Energy stored in a space with electric field is $\tfrac12 \varepsilon E^2$ per unit volume. Why?

Question

I'm a high school student and my book says that once it has been established that a region containing electric field $E$ has energy $\tfrac12 \varepsilon E^2$ per unit volume, the result can be used for any electric field whether it is due to a capacitor or otherwise. I understand how it is true for a parallel plate capacitor. But it's hard for me to accept that it is true for all possible geometries or settings of capacitors. Can anyone please explain how this is ought to be true. A derivation process for spherical capacitor would be very much appreciated. Or simply just an intuitive approach would be very helpful.

Answer 1

A general demonstration would require using advanced concepts in Maxwell's theory, so I will follow your suggestion of giving a demonstration for a spherical capacitor.

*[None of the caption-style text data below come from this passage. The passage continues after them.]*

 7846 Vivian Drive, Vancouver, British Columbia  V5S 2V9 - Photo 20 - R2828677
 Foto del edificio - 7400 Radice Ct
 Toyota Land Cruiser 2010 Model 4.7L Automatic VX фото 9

Consider a hollow sphere of radius $R$ with a charge $Q$ uniformly distributed on the surface. This can be regarded as a spherical capacitor, with the second conductor of infinte radius, so the capacity is just $C=4\pi\varepsilon_0 R$, and the energy stored in the capacitor is $U=\frac{Q^2}{2C} = \frac{Q^2}{8\pi\varepsilon_0R}$.

Now, the electric field generated by this configuration is just $0$ inside the sphere, and follows Coulomb's law outside, so it has a modulus $E=\frac{Q}{4\pi\varepsilon_0 r^2}$ on a generic point at distance $r>R$ from the center. As you can see, this is not uniform, as it depends on $r$, so different points have a different energy density; however, all the points on spherical shells of radius $r$ have the same energy densities. If you want to compute the total energy, you have to

1. compute the energy on a given spherical shell of radius $r$

2. sum up the contributions of all the spherical shells.

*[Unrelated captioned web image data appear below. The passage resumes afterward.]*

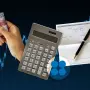 La autoridad fiscal tiene hasta 40 días para entregarte el saldo a favor que obtuviste; sin embargo, se comprometió a hacerlo en 4.5 días, en promedio, para las devoluciones automáticas.

Para más información del tema, visita: https://www.eleconomista.com.mx/finanzaspersonales/declaracion-anual-2026-guia-consultar-estatus-devolucion-impuestos-minutos-20260406-807394.html

Twitter: https://twitter.com/eleconomista 
Sitio web: https://www.eleconomista.com.mx/ 
Facebook: https://www.facebook.com/ElEconomista.mx 
Instagram: https://www.instagram.com/eleconomistamx 

#ElEconomista #EETV #FinanzasPersonales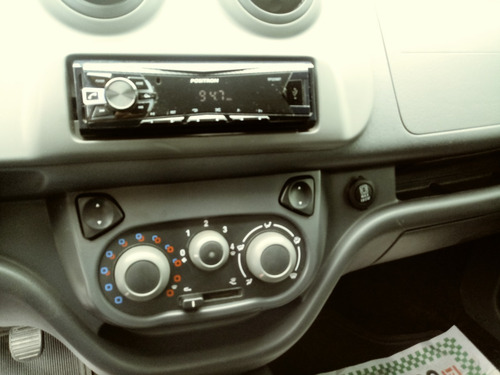 Imagem 10 de 14 de Fiat Fiorino 2020 1.4 Hard Working Flex 4p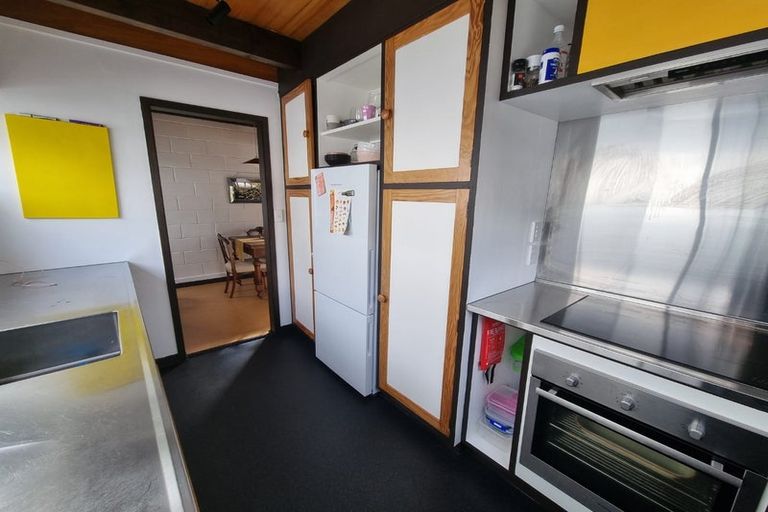 Photo of property in 9a Pitarua Street, Thorndon, Wellington, 6011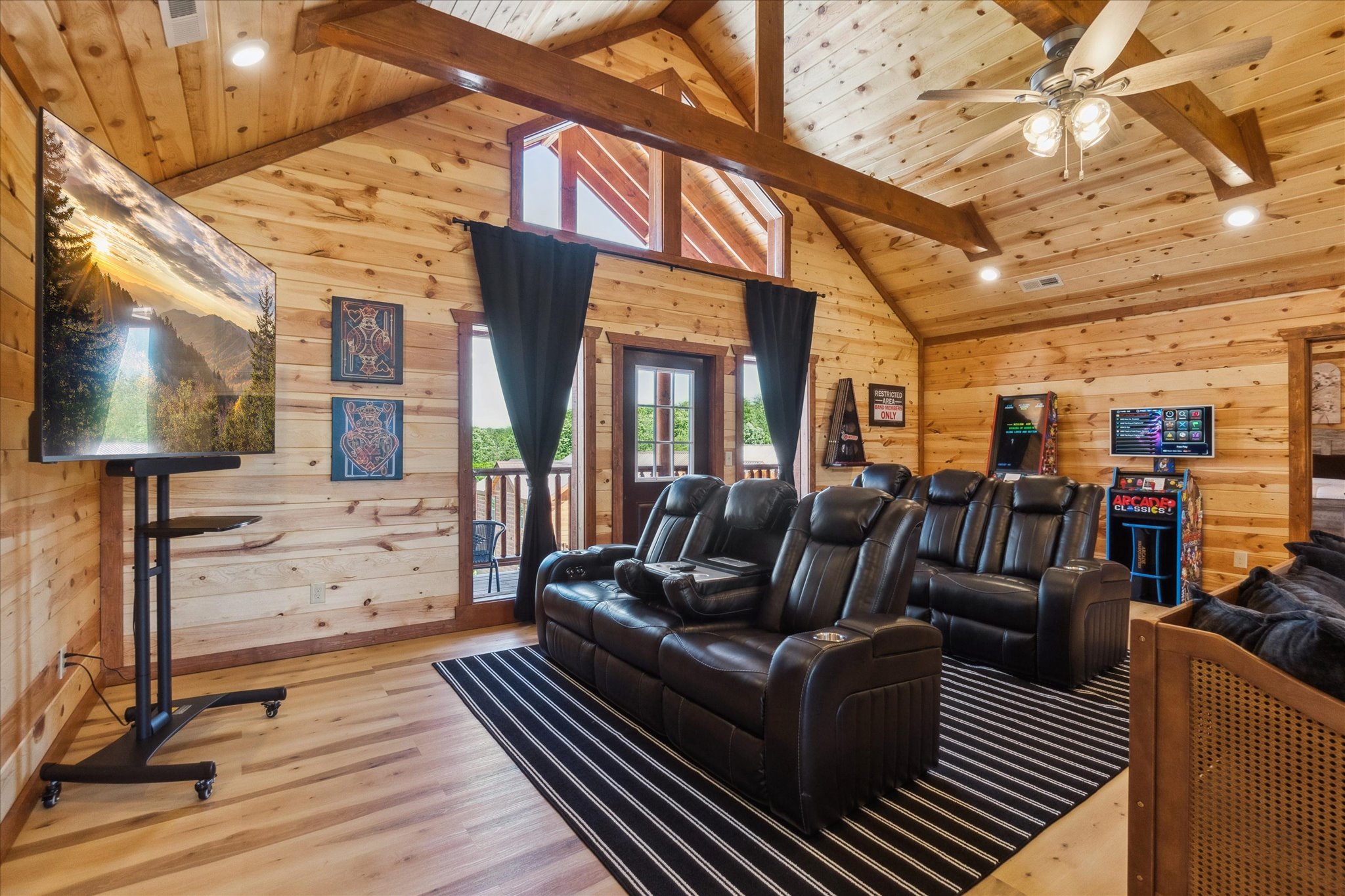 Sevierville, Tennessee, 37876, United States, 8 Bedrooms Bedrooms, ,9 BathroomsBathrooms,Residential,For Sale,1981124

For point 1., you can just compute the volume $dV$ of a spherical shell of width $dr$ as volume of outer sphere minus volume of inner sphere: $$ dV = \frac{4}{3}\pi (r+dr)^3 - \frac{4}{3}\pi r^3 \approx 4\pi r^2 dr $$ where I have neglected terms like $dr^2$ or $dr^3$ which are very very small if $dr$ is small (our shell is in fact very thin!). The energy on this shell is finally $$ dU = \frac{\varepsilon_0}{2}E(r)^2 dV = \frac{\varepsilon_0}{2} \frac{Q^2}{16\pi^2\varepsilon_0^2 r^4} 4\pi r^2dr = \frac{Q^2}{8\pi \varepsilon_0 r^2}dr $$

For point 2 you need to know how to deal with integrals. They are essentially used to perform a sum of a given function for all the continuous values of the independent variable ($r$ in our case takes all the real values from $R$ to $\infty$). So the total energy is just $$ U = \int dU = \int_R^{\infty} \frac{Q^2}{8\pi\varepsilon_0 r^2} dr. $$ I assume you know how to deal with this, but if not, let me know and I can give more details. Solving this we get: $$ U=\frac{Q^2}{8\pi\varepsilon_0} \left[- \frac{1}{r} \right]_R^{\infty} = \frac{Q^2}{8\pi\varepsilon_0R}. $$ which is what we found from simple arguments above!